REPUBLIKA.CO.ID, JAKARTA -- Wakil Ketua Komisi III DPR Ahmad Sahroni mengaku heran dengan mengaku heran dengan Mahkamah Konstitusi (MK) yang memutuskan menerima gugatan Wakil Ketua Komisi Pemberantasan Korupsi (KPK) Nurul Ghufron soal perpanjangan masa jabatan pimpinan KPK. Ia pun menyindir, MK yang aspiratif mungkin juga bisa saja memperpanjang masa jabatan DPR.
"Karena MK sangat inspiratif, maka kita mencoba juga perpanjangan DPR lima tahun lagi ke depan, rasanya boleh dipertimbangkan," ujar Sahroni saat dihubungi wartawan, Kamis (25/5/2023),
DPR lewat Komisi III yang menyusun dan membuat Undang-Undang Nomor 19 Tahun 2019 tentang Komisi Pemberantasan Tindak Pidana Korupsi. Sebelum adanya putusan MK tersebut, dalam Pasal 34 UU KPK dijelaskan bahwa pimpinan KPK memegang jabatan selama empat tahun dan dapat dipilih kembali hanya untuk sekali masa jabatan.
"Kita mau panggil MK terkait ini agar publik tidak bertanya-tanya hal keputusan dari MK. Saya akan minta kepada pimpinan yang lain untuk memanggil MK. Karena kami kalau memanggil mitra kerja Komisi III harus kolektif kolegial," ujar Sahroni.
Anggota Komisi III DPR Fraksi Partai Demokrat Benny K Harman juga mengkritik putusan MK tersebut. Ia mempertanyakan kewenangan MK yang mengubah masa jabatan pimpinan KPK dari empat menjadi lima tahun.
"Apa betul MK mengubah masa jabatan pimpinan KPK dari empat tahun ke lima tahun? dari mana sumber kewenangan MK mengubah periode masa jabatan pimpinan KPK ini. Itu kewenangan mutlak pembentuk UU, tertib konstitusi menjadi rusak akibat MK ikut bermain politik, hancur negeri ini," ujar Benny.

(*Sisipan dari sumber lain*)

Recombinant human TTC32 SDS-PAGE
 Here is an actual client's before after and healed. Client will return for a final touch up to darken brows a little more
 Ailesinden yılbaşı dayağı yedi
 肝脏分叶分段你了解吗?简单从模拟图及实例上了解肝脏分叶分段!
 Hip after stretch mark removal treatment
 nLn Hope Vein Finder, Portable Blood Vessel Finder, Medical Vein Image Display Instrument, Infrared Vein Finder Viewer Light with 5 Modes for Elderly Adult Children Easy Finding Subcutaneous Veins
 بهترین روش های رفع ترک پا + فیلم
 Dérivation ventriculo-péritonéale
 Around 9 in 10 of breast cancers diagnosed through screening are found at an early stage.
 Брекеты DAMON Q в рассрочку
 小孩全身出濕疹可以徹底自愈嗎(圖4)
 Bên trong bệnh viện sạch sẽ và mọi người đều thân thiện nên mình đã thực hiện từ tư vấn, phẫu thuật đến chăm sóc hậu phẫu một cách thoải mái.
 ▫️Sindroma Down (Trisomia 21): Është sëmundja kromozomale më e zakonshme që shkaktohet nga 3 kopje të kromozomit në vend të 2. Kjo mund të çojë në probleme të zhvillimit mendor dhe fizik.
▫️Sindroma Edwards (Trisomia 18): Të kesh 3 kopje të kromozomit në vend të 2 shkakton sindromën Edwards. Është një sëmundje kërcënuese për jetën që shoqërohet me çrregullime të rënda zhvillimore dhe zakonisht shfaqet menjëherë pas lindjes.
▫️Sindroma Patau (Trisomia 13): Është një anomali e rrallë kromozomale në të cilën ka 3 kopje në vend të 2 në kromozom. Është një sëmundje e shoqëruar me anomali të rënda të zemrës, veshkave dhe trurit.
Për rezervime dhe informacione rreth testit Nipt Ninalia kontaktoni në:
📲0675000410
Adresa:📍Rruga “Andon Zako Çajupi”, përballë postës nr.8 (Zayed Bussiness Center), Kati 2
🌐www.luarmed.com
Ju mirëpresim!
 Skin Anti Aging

Diketahui, MK memutuskan menerima gugatan Wakil Ketua KPK Nurul Ghufron soal perpanjangan masa jabatan pimpinan KPK. Dengan putusan ini, jabatan pimpinan KPK dari empat tahun menjadi lima tahun.
Hakim MK M Guntur Hamzah setuju masa jabatan pimpinan KPK seharusnya juga disamakan dengan pimpinan 12 lembaga non-kementerian atau auxiliary state body di Indonesia seperti Komnas HAM, KY, KPU yaitu lima tahun.
MK berpendapat pengaturan masa jabatan pimpinan KPK yang berbeda dengan masa jabatan pimpinan/anggota komisi atau lembaga independen, khususnya yang bersifat constitutional importance telah melanggar prinsip keadilan, rasionalitas, penalaran wajar dan bersifat diskriminatif.
Kondisi itulah yang diyakini MK bertentangan dengan Pasal 28D ayat 1 UUD 1945. "Oleh karena itu, menurut Mahkamah, masa jabatan pimpinan KPK seharusnya dipersamakan dengan masa jabatan komisi dan lembaga independen yang termasuk ke dalam rumpun komisi dan lembaga yang memiliki constitutional importance yakni lima tahun sehingga memenuhi prinsip keadilan, persamaan, dan kesetaraan," ujar Guntur yang pernah terjerat skandal pengubahan putusan MK.